Let’s learn how to find the surface area of a cylinder and its formulas.

Cylinder – A 3D Solid Shape

A cylinder is one of the basic 3D shapes, in geometry, which has two parallel circular bases at some distance. The two circular bases are joined by a curved surface, at a fixed distance from the centre. The line segment joining the centre of two circular bases is the axis of the cylinder. The distance between the two circular bases is called the height of the cylinder. LPG gas cylinder is one of the real-life examples of cylinders. 

Since the cylinder is a three-dimensional shape, therefore it has two major properties, i.e., surface area and volume. The total surface area of the cylinder is equal to the sum of its curved surface area and the area of the two circular bases. The space occupied by a cylinder in three dimensions is called its volume.

Some of the important properties of the cylinder are as follows:

• The bases of the cylinder are always congruent and parallel to each other.
• If the axis of the cylinder is at a right angle to the base and the bases are exactly over each other, then it is called a “Right Cylinder”.
• If one of the bases of the cylinder is displayed sideways, and the axis does not produce the right angle to the bases, then it is called an “Oblique Cylinder”.
• If the bases are circular, then it is called a right circular cylinder.
• The best alternative to the circular base of a cylinder is an ellipse. If the base of the cylinder is elliptical in shape, then it is called an “Elliptical Cylinder”.
• If the locus of a line moves parallel and fixed distance from the axis, a circular cylinder is produced.
• A cylinder is similar to a prism since it has the same cross-section everywhere.

For ease of understanding, the right cylinder or right circular cylinder is considered for studying the different properties of the cylinder.

Right Circular Cylinder

A cylinder whose bases are circular in shape and parallel to each other is called the right circular cylinder. It is a three-dimensional shape. The axis of the cylinder joins the center of the two bases of the cylinder.
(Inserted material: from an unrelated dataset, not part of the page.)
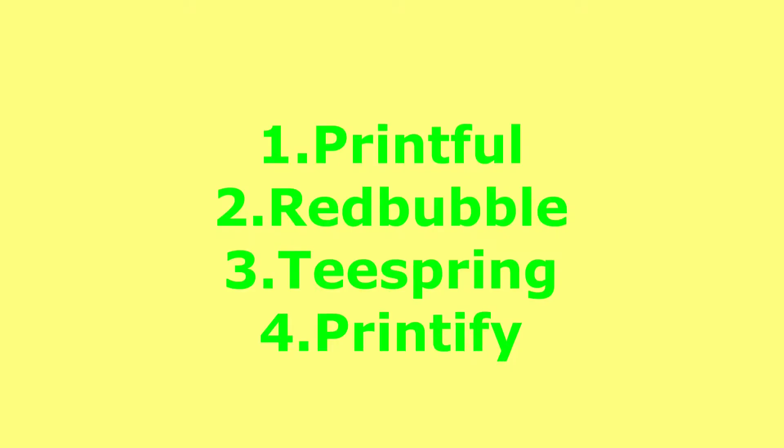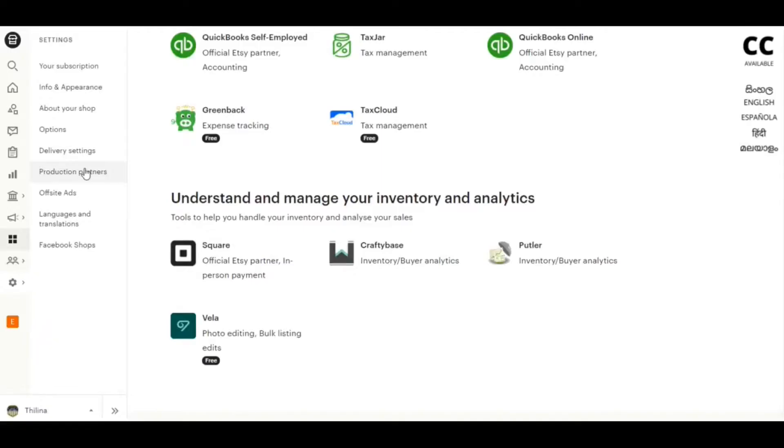Mostly we use Printful, Printify, Teespring, and Shine On like third party companies as a production partner.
This is the most common type of cylinder used in day-to-day life. It is different from the oblique cylinder which does not have parallel bases and resembles a tilted structure.

Parts of Right Circular Cylinder

The three parts of the right circular cylinder are:

• Top Circular Base
• Curved Lateral Face
• Bottom Circular Base

Properties of Right Circular Cylinder

These are the properties of a right circular cylinder.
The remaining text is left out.